Non-uniform refinement can significantly improve refinements for targets that contain micelles and for smaller proteins. Consider the following two modifications if refinement results are poor:
• Initial lowpass
• Empirically, increasing this resolution (e.g., to a lower numerical value such as 15Å) may improve results for smaller targets.
• Static masking
• For small, low-SNR particles, dynamic masking may perform poorly. Instead, supplying a soft, static mask may improve the final refinement.
Local refinement can also be quite useful for membrane targets. Note that local refinement masks must be softly padded, especially when cutting into density (even a micelle) and consider the following parameter:
• Rotation search extent
• When using smaller masks, tighter orientation priors generally produce better results.

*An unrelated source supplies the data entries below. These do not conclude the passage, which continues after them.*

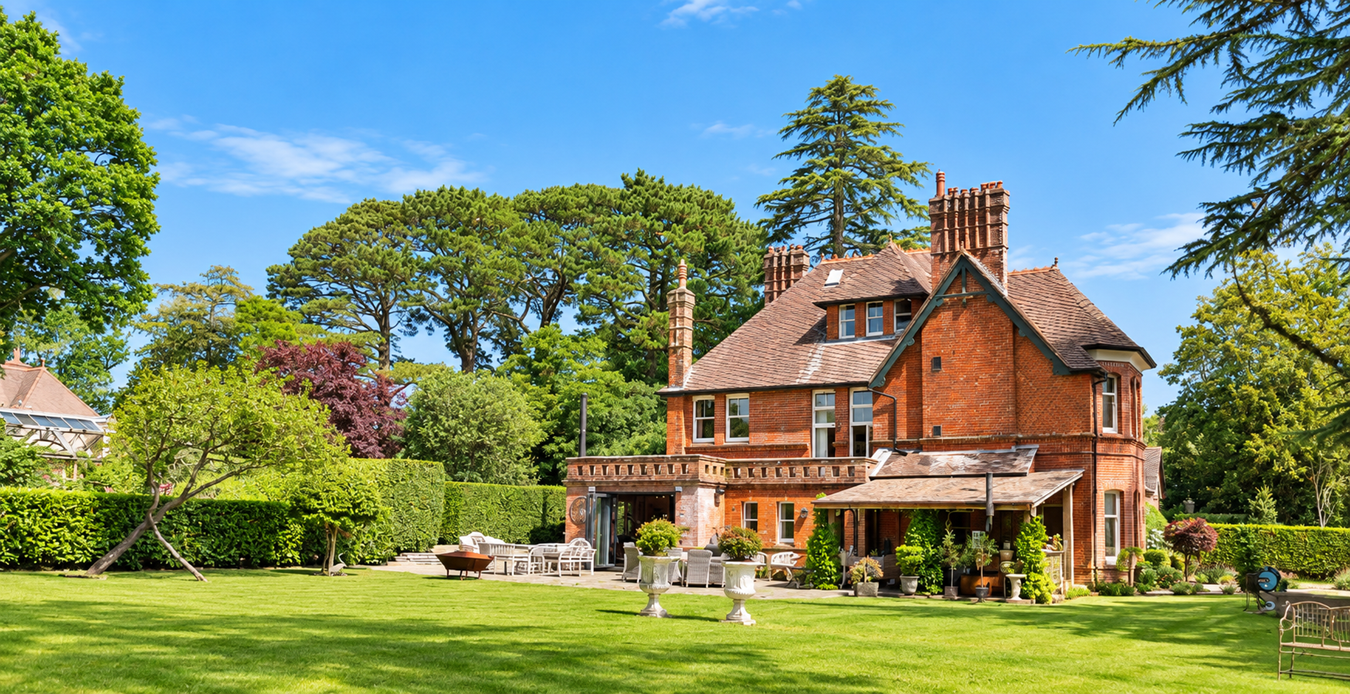 Broadlands Road, Brockenhurst, SO42, photo 30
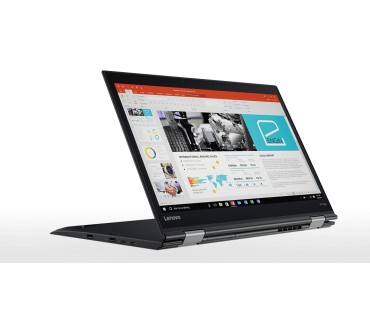 Produktbild Lenovo ThinkPad X1 Yoga 2017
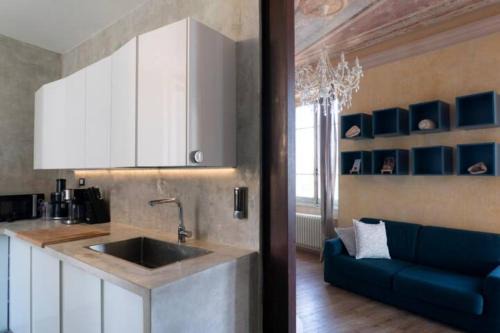 Fezzano Apartamento | La Venere Suite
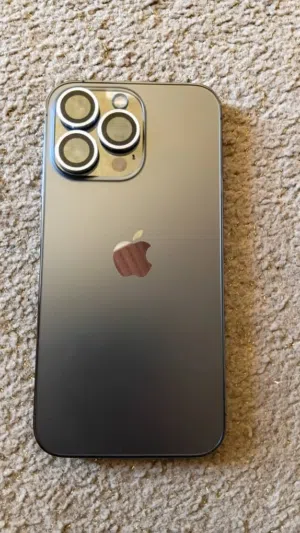 Apple iPhone 13 Pro 128 GB in Tripoli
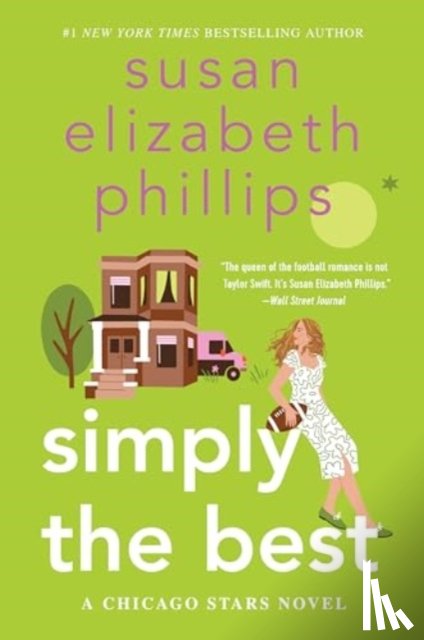 Phillips, Susan Elizabeth - Simply the Best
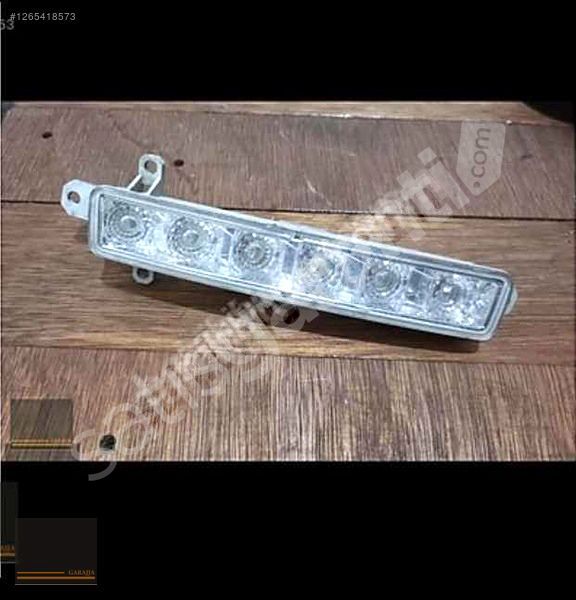 PEUGEOT 301 GÜNDÜZ FARI ORİJİNAL ÇIKMA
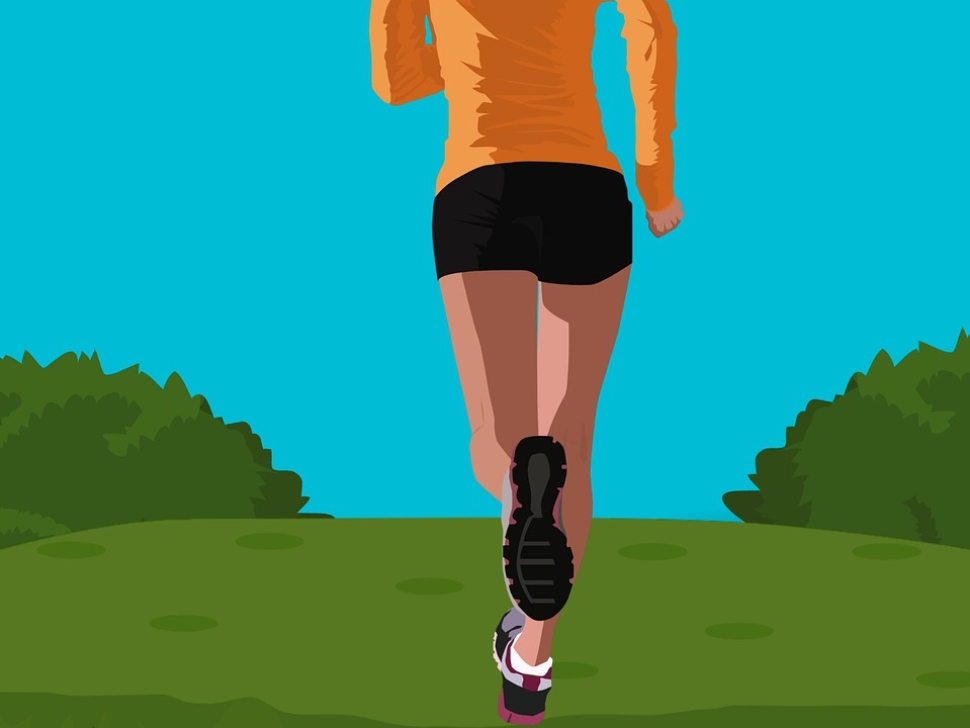 أساسيات اللياقة البدنية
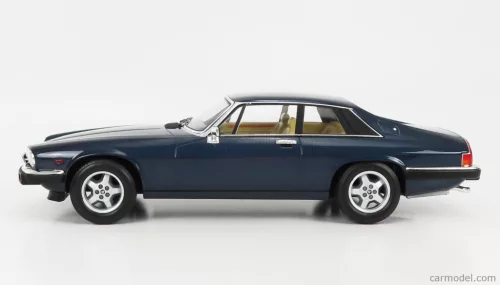 JAGUAR  XJ-S COUPE 1988  BLUE MET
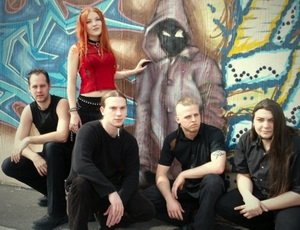 Darkwell - Discography (2000-2016)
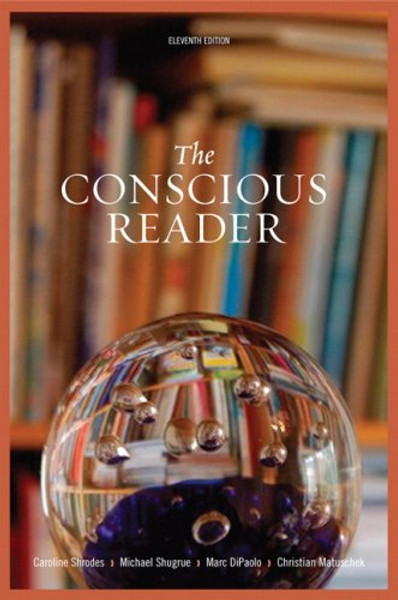 Conscious Reader, The (11th Edition)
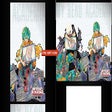 Icon of program: Manga Spread Merger
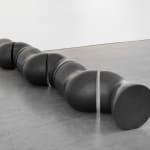 Mary Ann Unger, Untitled (Across the Bering Strait), 1996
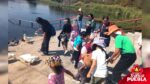 Gobierno de Puebla impulsa educación ambiental en Chapulco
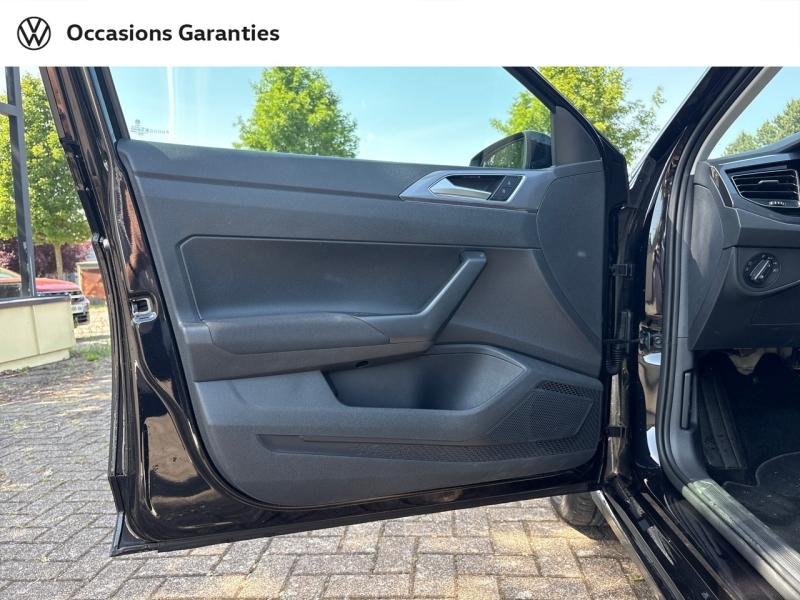 Voitures occasions VOLKSWAGEN POLO Style Sarreguemines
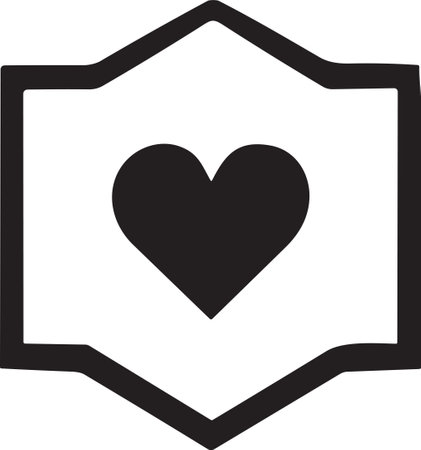 Vintage logo or badge in Vintage or retro style isolated on backgroundのイラスト素材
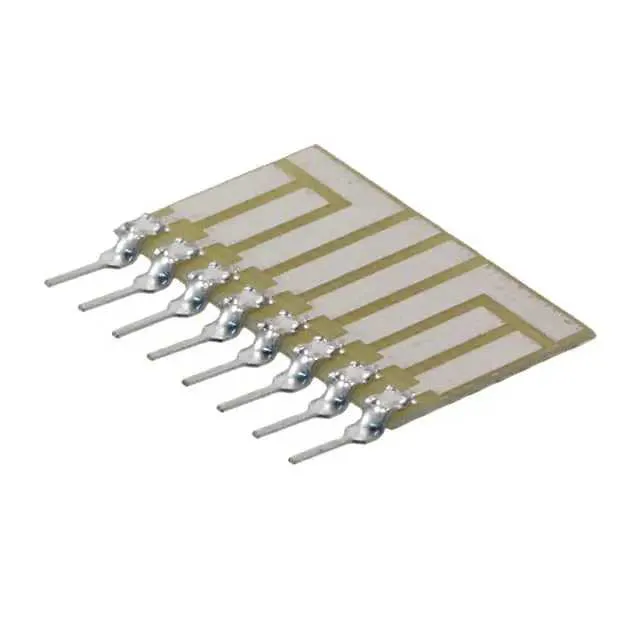 6808 (PROTO-BRD 8PIN DISCRETE SMT SIP)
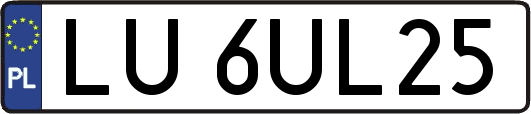 LU6UL25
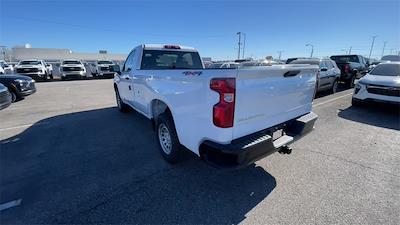 2026 Chevrolet Silverado 1500 Regular Cab 4WD Pickup for sale #CF6T166401 - photo 2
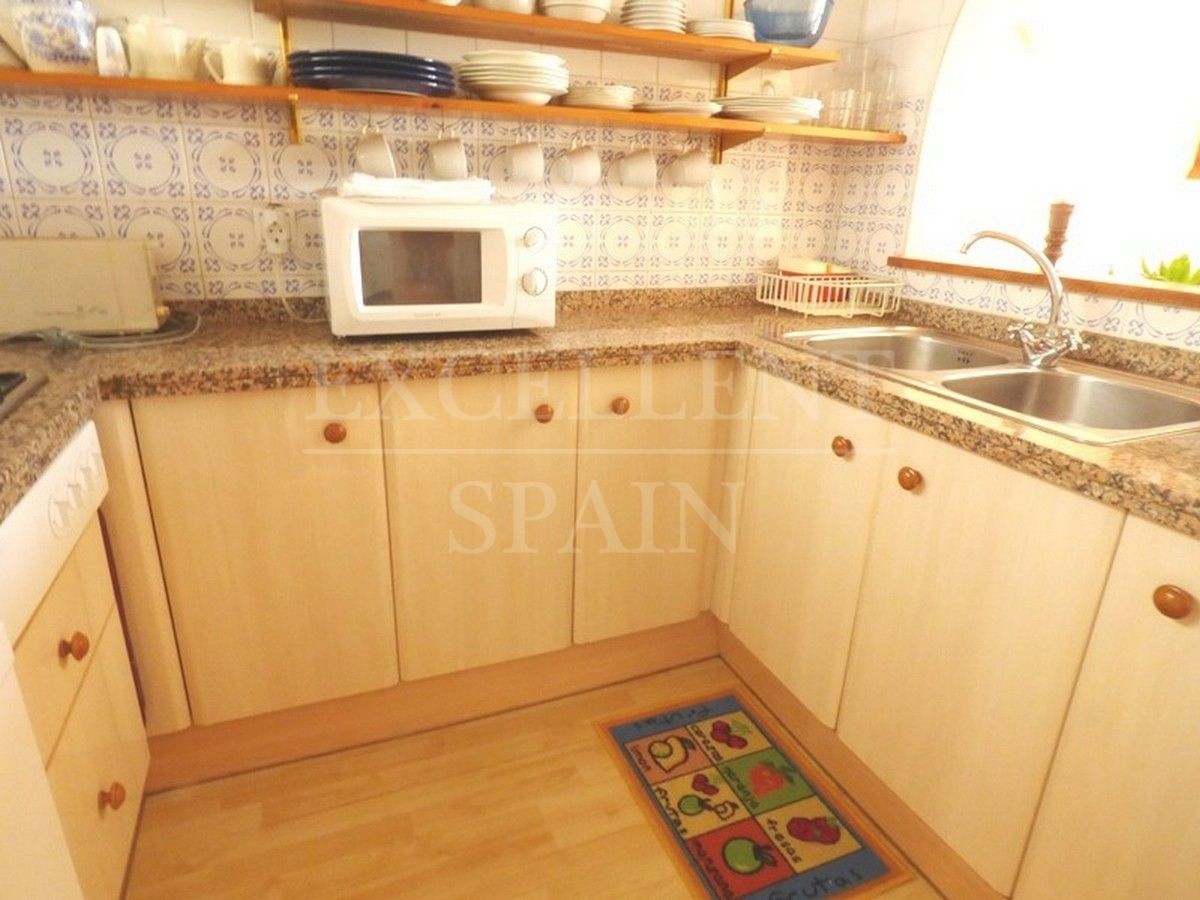 Appartement in Marbella Centro, Marbella Centrum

### Heterogeneity Analysis

• Force hard classification
• Hard classification can improve results for low-SNR particles, especially when the target contains a static (well-resolved) domain connected to a flexible/heterogeneous domain (such as a micelle).
• Force hard classification
• Similar to Heterogeneous Refinement, force hard classification can help isolate regions of heterogeneity.
• RMS convergence criterion
• For low-SNR particles, the standard class switching criterion may lead to more F-EM iterations than necessary and cause processing to take longer. Consider turning this secondary criterion on to save computational cost.
3D Variability (3DVA) analysis can be an especially important tool for heterogeneity analysis of small membrane targets. The 3DVA publication includes results on the Cannabinoid Receptor 1-G GPCR, which show that 3DVA can resolve two different bending motions of the 53kDa transmembrane region of the protein.
When running 3DVA, be sure to supply a soft solvent mask to ensure that the job does not resolve variation due to the micelle.

### Common Failure Modes

• "Spiky" densities like the one shown below are often a sign that there are many junk particles in the dataset — this can be especially prevalent in membrane protein datasets where particle picking is difficult. In these cases, it is often helpful to further “purify” the dataset, by either:
• performing additional 2D classification rounds, or
• running ab-initio reconstruction with multiple classes, then using the resulting volumes (including junk classes) to initialize heterogeneous refinement or 3D classification jobs and processing all the particles. Particles that fall into intact classes where the protein density is strong can be used for further refinements and particles falling into other classes can be discarded. This “junk-sorting” in 3D can often separate junk particles more effectively than 2D classification.
A ’spiky’ hyaluronan synthase (the same density shown at two different thresholds for clarity) resolved from one class of a 3D classification job. Data from EMPIAR-11030 (Maloney et al., 2022).